### What this task involves
What is needed is a word-for-word copy of the lines below from the one with "Topoisomer Ladder, Human Topo I Enzyme" through the one with "New Chapter Fermented", both included, with every picture left out.

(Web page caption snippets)
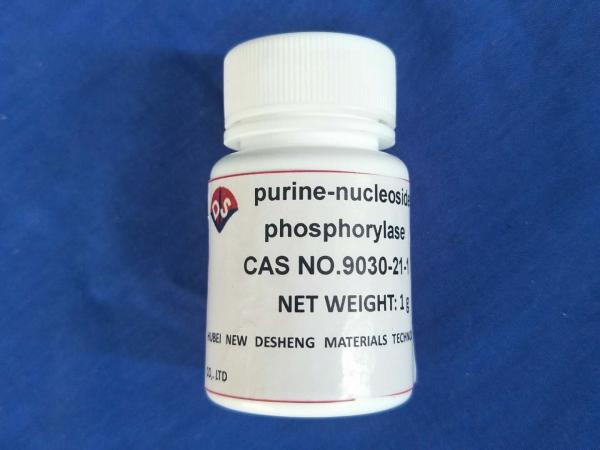 Quality CAS Number 9030-21-1 Enzyme Preparation Purine Nucleoside Phosphorylase for sale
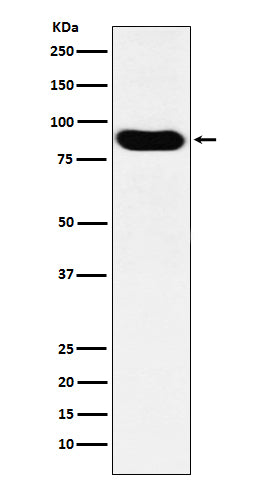 MCM7 Rabbit Polyclonal Antibody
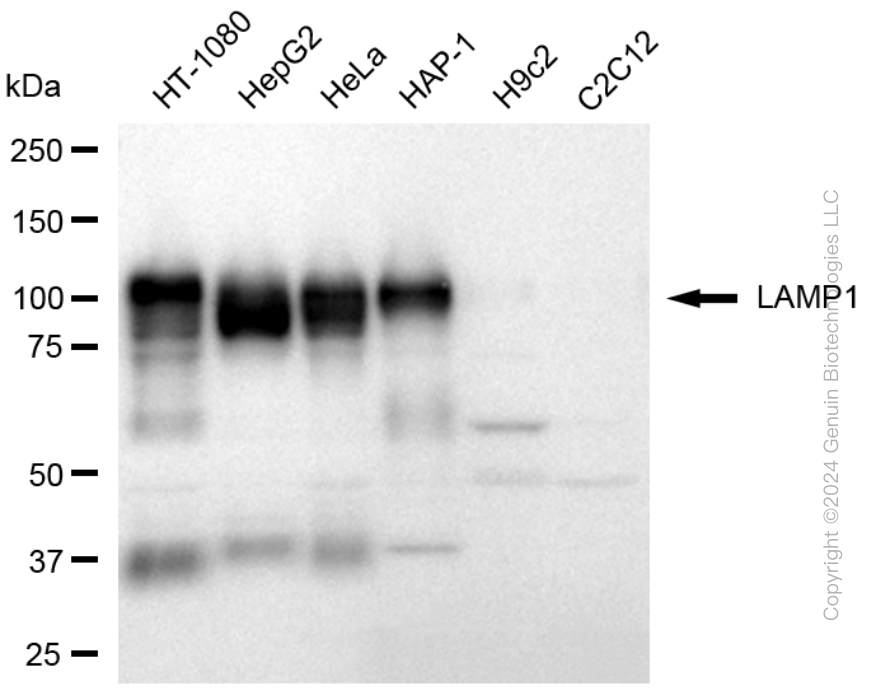 KD-Validated Anti-LAMP1 Rabbit Polyclonal Antibody ABG1773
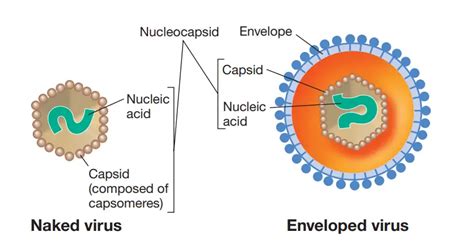 Virus Properties Diseases And Lab Diagnosis Microbe Online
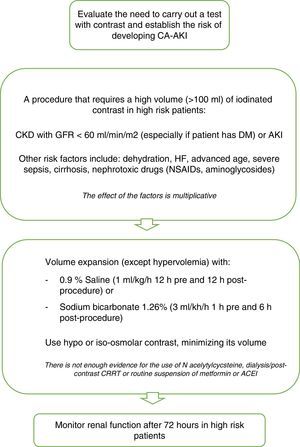 Recommendations for CA-AKI prevention. Modified from ref. 51. CA-AKI: contrast associated acute kidney injury; CKD: chronic kidney disease; GFR: glomerular filtration rate; DM: diabetes mellitus; HF: heart failure; NSAIDs: non steroidal antiinflammatory drugs; CRRT: continuous renal replacement therapy; AECI: angiotensin converting enzyme inhibitors.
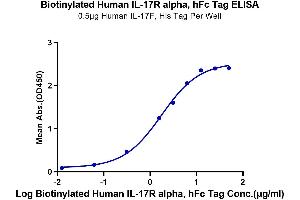 Immobilized Human IL-17F, His Tag at 5 μg/mL (100 μL/well) on the plate. (IL17RA Protein (Fc-Avi Tag,Biotin))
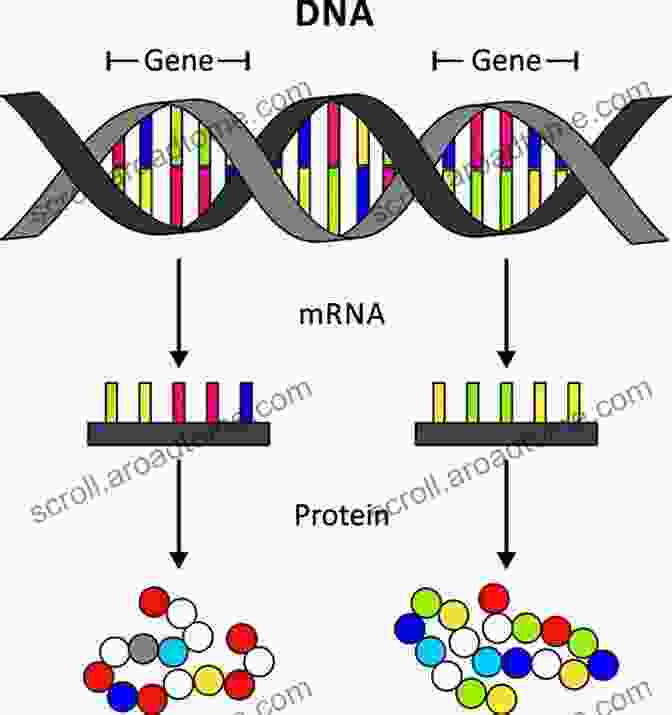 Genetic Code Revealing The Blueprint Of An Individual's Traits And Characteristics Weight And Women: Win Your Genes Metabolism And Hormones And Never Diet Again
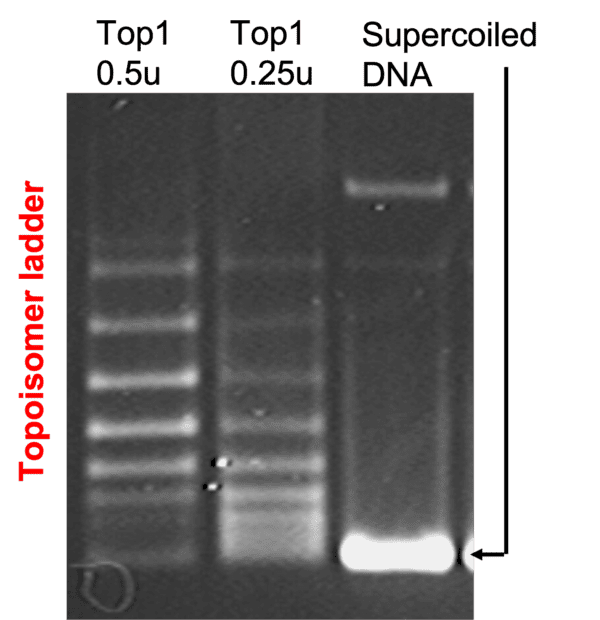 Topoisomer Ladder, Human Topo I Enzyme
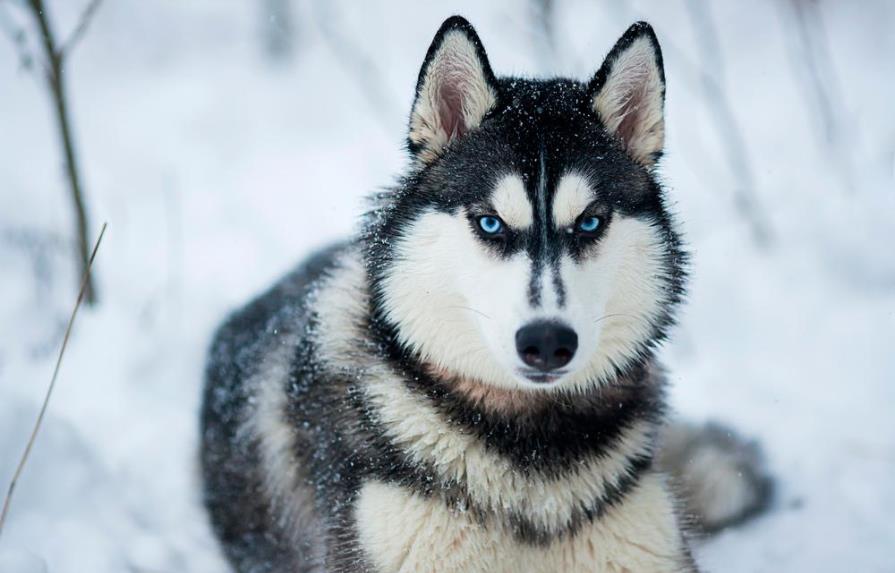 Mascotas: Mira estas bellas fotos y los orígenes de las razas más diversas de perros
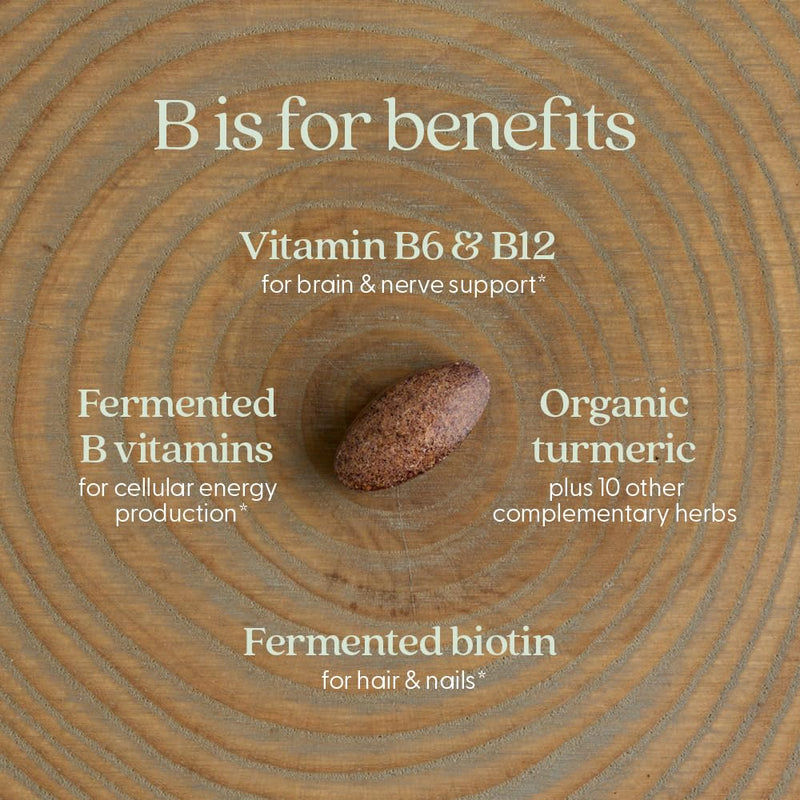 New Chapter Fermented Coenzyme B Complex, 90 Count | Rich in Vitamin B12, Vitamin B6, and Biotin for Energy, Brain, and Beauty Support, with Organic Ingredients, One Daily 90 Count (Pack of 1)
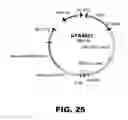 Fig. 28 - RECOMBINANT BACTERIUM FOR INDUCTION OF CELLULAR IMMUNE RESPONSE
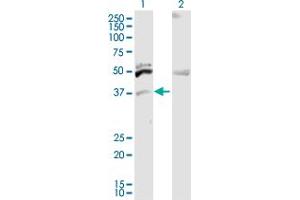 Western Blot analysis of ITM2B expression in transfected 293T cell line by ITM2B MaxPab polyclonal antibody.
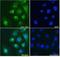Nucleolysin TIA-1 isoform p40 antibody, NB100-60555, Novus Biologicals, Immunocytochemistry image 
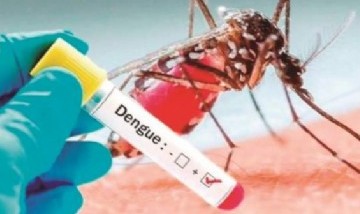 En medio del coronavirus confirmaron el mayor registro de casos de dengue en la historia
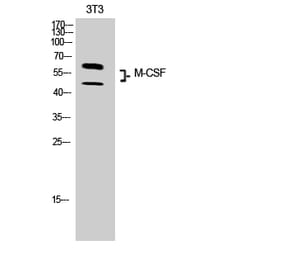 Western blot - M-CSF Polyclonal Antibody from Signalway Antibody (41919) - Antibodies.com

### Solution to the problem
 Topoisomer Ladder, Human Topo I Enzyme
 Mascotas: Mira estas bellas fotos y los orígenes de las razas más diversas de perros
 New Chapter Fermented Coenzyme B Complex, 90 Count | Rich in Vitamin B12, Vitamin B6, and Biotin for Energy, Brain, and Beauty Support, with Organic Ingredients, One Daily 90 Count (Pack of 1)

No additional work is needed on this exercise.